Margin of appreciation


The margin of appreciation or margin of state discretion is the subsidiarity, which occurs in a unrelated field of EU law. The purposes of the margin of appreciation are to balance individual rights with national interests as alive as to decide any potential conflicts. It has been suggested that the European Court should generally refer to the State's decision, as it is an international court, instead of a bill of rights.

Definition & origins


The phrase "margin of appreciation" is a literal translation of the French marge d'appréciation. The latter phrase subject to a abstraction of administrative law that was developed by the ] At the level of the European Convention on Human Rights, a margin of appreciation subject to some "latitude of deference or error which the Strasbourg organs will allow to national legislative, executive, administrative & judicial bodies". That is an intermediary norm in the jurisprudence of the European Court of Human Rights. It allows for some compromise between the aspirations of the Convention and the circumstances faced by a contracting party. The doctrine of administrative discretion first gained national levels of prominence, almost notably under the German Bundesverwaltungsgericht Supreme Administrative Court before it was translated into a doctrine of supervisory discretion for a regional context.

The concept of a margin of appreciation at the European level emerged through questions surrounding martial law. It was presented to European Convention jurisprudence in 1956, which occurred through an conviction of the Greece v. United Kingdom to let the United Kingdom, under Article 15, to derogate from its obligations during a time of public emergency in British Cyprus. Subsequently, the hearing for Lawless v Ireland that is, the number one formally decided issue of the Court included an oral parameter from the Commission President Sir Humphrey Waldock:

"...a Government's discharge of...responsibilities [in maintaining law and order] is essentially a delicate problem of appreciating complex factors and of balancing conflicting considerations of the public interest; and that, one time the...Court isthat the Government's appreciation is at least on the margin of powers..., then the interest which the public itself has in powerful Government and in the maintenance of grouping justifies and requires a decision in favour of the legality of the Government's appreciation."

Later, the "Belgian Linguistic Case No. 2" of 1968 present a margin of appreciation to circumstances that fell outside emergency situations that were identified by Article 15 of the European Convention. That case proved to be critical in establishing a wide scope for the emerging doctrine of discretion. It identified two key elements for establishing a margin of appreciation: a focused consensus standards among 'Convention signatory states' and a proportionality principle in the jurisprudence of the European Convention. The latter element consisted of two weighting factors, which are fundamental to imposing the extent of a particular margin. The factors are the 'nature of the right' in question and 'the aim pursued by the contested measure'. With an expansive doctrine in view, the European Court also sought to constrain itself by stating:

'...the Court cannotthose legal and factual atttributes which characterize the life of the society in the State which...has tofor the measure in dispute. In so doing, it cannot assume the role of the competent national authorities, for it would thereby lose sight of the subsidiary generation of the international machinery of collective enforcement establishment for the Convention'.
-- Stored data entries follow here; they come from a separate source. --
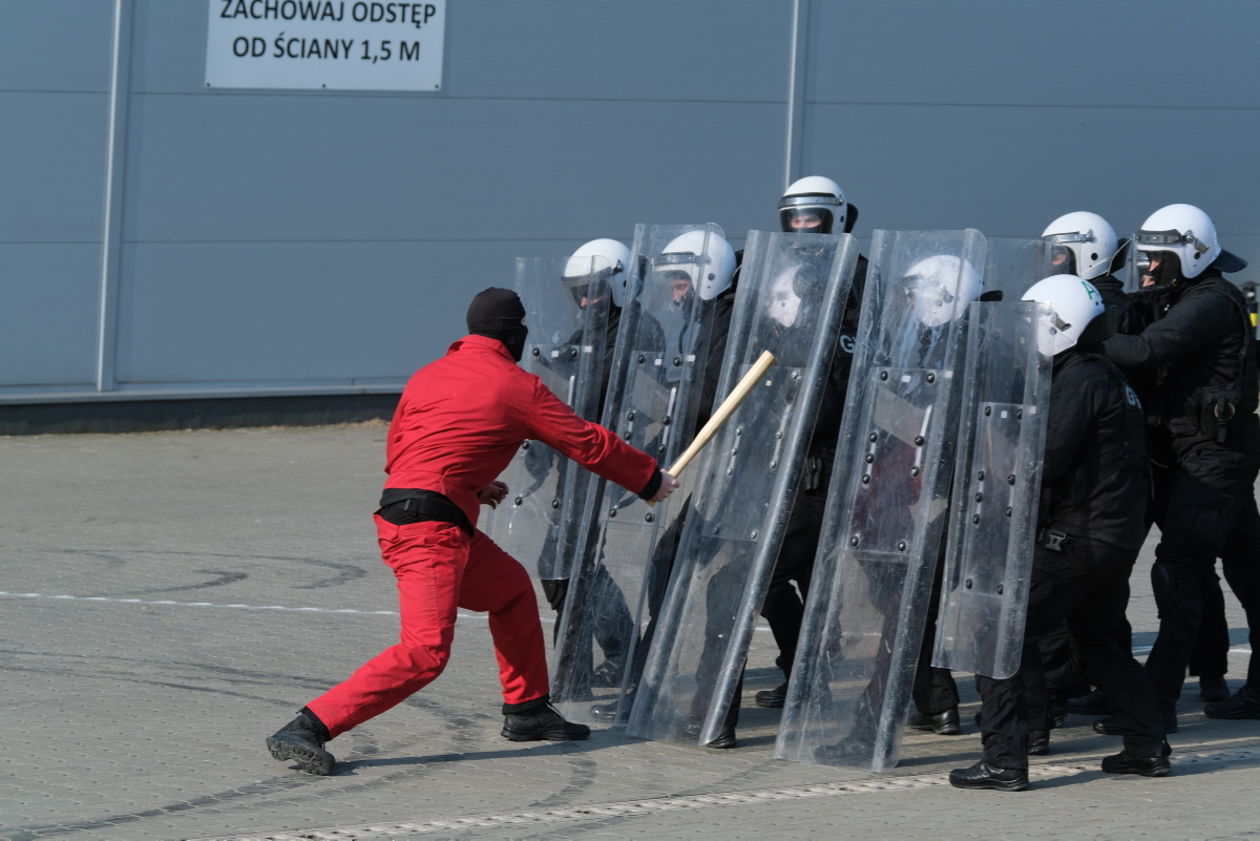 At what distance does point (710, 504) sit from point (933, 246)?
4.13ft

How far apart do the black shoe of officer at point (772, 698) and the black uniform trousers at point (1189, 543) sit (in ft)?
4.82

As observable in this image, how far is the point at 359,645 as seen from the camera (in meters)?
8.12

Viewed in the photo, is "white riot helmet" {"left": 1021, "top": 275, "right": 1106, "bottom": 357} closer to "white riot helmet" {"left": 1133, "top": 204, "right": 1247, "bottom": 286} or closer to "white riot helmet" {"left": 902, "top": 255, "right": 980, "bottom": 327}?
"white riot helmet" {"left": 902, "top": 255, "right": 980, "bottom": 327}

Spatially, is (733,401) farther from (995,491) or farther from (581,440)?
(995,491)

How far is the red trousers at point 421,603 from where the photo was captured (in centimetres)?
605

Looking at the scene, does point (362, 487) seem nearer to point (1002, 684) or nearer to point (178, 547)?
point (178, 547)

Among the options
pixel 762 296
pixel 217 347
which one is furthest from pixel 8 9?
pixel 762 296

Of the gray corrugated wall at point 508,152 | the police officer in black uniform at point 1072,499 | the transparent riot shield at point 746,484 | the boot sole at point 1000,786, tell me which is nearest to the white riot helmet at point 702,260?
the transparent riot shield at point 746,484

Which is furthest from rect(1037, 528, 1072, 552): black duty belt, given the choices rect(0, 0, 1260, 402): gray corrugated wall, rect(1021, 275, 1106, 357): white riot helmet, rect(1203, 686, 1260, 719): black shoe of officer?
rect(0, 0, 1260, 402): gray corrugated wall

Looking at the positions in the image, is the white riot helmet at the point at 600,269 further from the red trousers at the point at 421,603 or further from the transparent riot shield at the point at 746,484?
the red trousers at the point at 421,603

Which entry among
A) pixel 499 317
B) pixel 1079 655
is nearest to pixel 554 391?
pixel 499 317

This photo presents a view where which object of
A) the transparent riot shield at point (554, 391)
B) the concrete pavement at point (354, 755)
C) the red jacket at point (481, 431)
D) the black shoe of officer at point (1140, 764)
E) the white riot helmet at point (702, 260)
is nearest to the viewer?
the concrete pavement at point (354, 755)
The margin of appreciation doctrine received considerable development in 1976, with the Court decision of Article 10 on the ground of protecting moral norms. The fact that the "Little Red Schoolbook" had been received in other European countries formed a basis for that challenge. However, the Court permitted the imposed limitation on freedom of expression and found no violation of the Convention. It held:

'...it is non possible to find in the domestic law of the Contracting States a uniform conception of morals. The view taken by their respective laws... varies from time to time and from place to place.... By reason of their direct and continual contact with the vital forces of their countries, State authorities are in principle in a better position than the international judge to manage an opinion on the exact content of these specifications as alive as on the "necessity" of a "restriction" or "penalty" intended to meet them'.

With that judgment, the European Court reinforced its distinction between the supervisory jurisdiction of the Convention proceeds example and domestic forms of discretion. However, it also affirmed:

'The Court... is empowered to provide aruling on if a "restriction" or "penalty" is reconcilable with freedom of expression as protected by Article 10. The domestic margin of appreciation thus goes hand in hand with a European supervision'.

In the case of Z v. Finland,[] while accepting that individual interests could sometimes be outweighed by the public interest in the investigation and prosecution of crime, the court emphasised the necessary importance of protecting the confidentiality of medical data for the sake of personal privacy and to preserve confidence in the medical profession and the health services. It found that measures including the disclosure of the applicant's medical records without her consent in the course of criminal proceedings against her husband amounted to a violation of Article 8.